=== Section Start ===
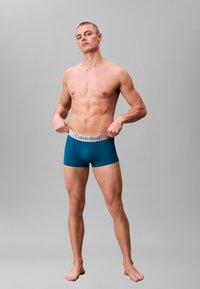 Turkusowe bokserki z szarą gumką Calvin Klein, dopasowany fason, miękka tekstura i długość sięgająca powyżej kolan, noszone przez męskiego modela bez koszulki.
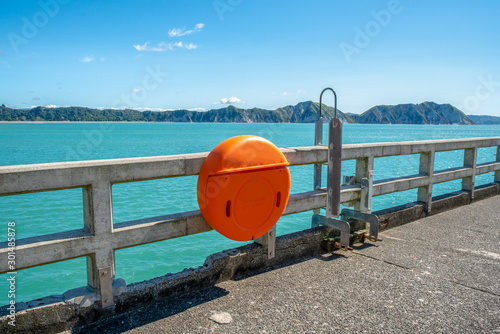 Life saving buoy and equipment on the hand rail on the Tolaga Bay wharf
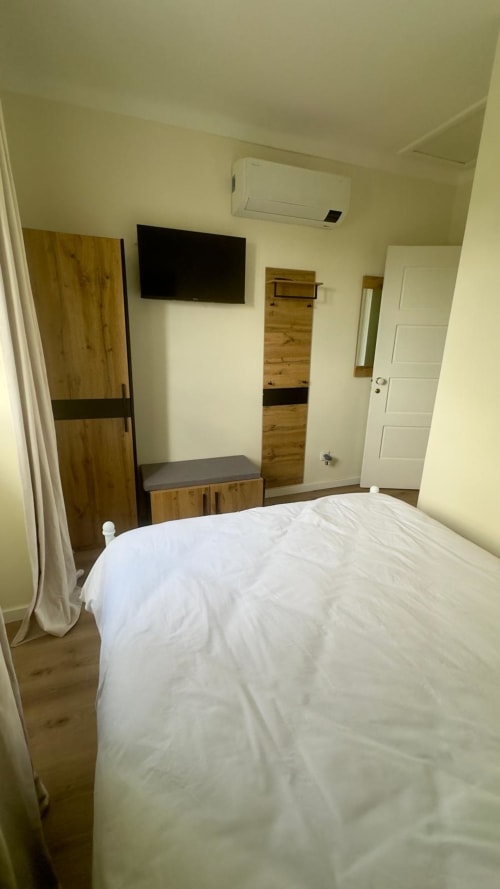 Quarto moderno na Pink-Shell B&B, Santiago de Riba-UI com cama queen, TV de plasma, guarda-roupa em madeira e ar-condicionado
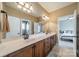 Bright bathroom with double sink vanity, modern lighting, and entry to bedroom with large bed at 1122 Saratoga Blvd, Indian Trail, NC 28079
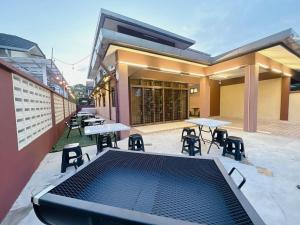 un patio con mesas y sillas en un edificio en B04 Modern Deluxe Homestay, en Johor Bahru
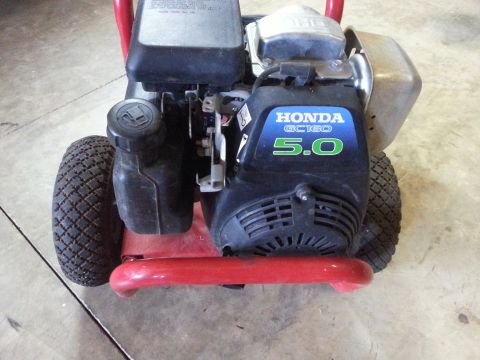 1995 Ford Bronco - Honda GC160 pressure washer engine detail with 5.0 HP rating visible.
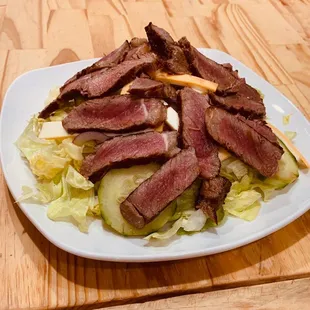 a steak salad on a white plate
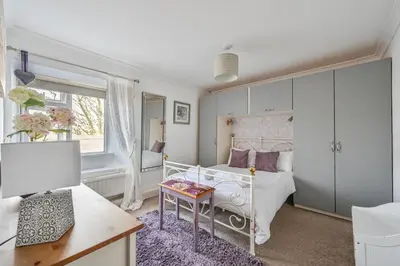 a bedroom with a white bed and a table at Polean Farm Old Farmhouse - With Large Jacuzzi, Games Room, Near the Sea and with Free Access to a Nearby Pool in Looe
=== Section End ===
Work item = Where the line containing "1995 Ford Bronco" appears, begin copying there and continue exactly through the final line of the records; both end lines belong in the copy, pictures do not.

Your response =
 1995 Ford Bronco - Honda GC160 pressure washer engine detail with 5.0 HP rating visible.
 a steak salad on a white plate
 a bedroom with a white bed and a table at Polean Farm Old Farmhouse - With Large Jacuzzi, Games Room, Near the Sea and with Free Access to a Nearby Pool in Looe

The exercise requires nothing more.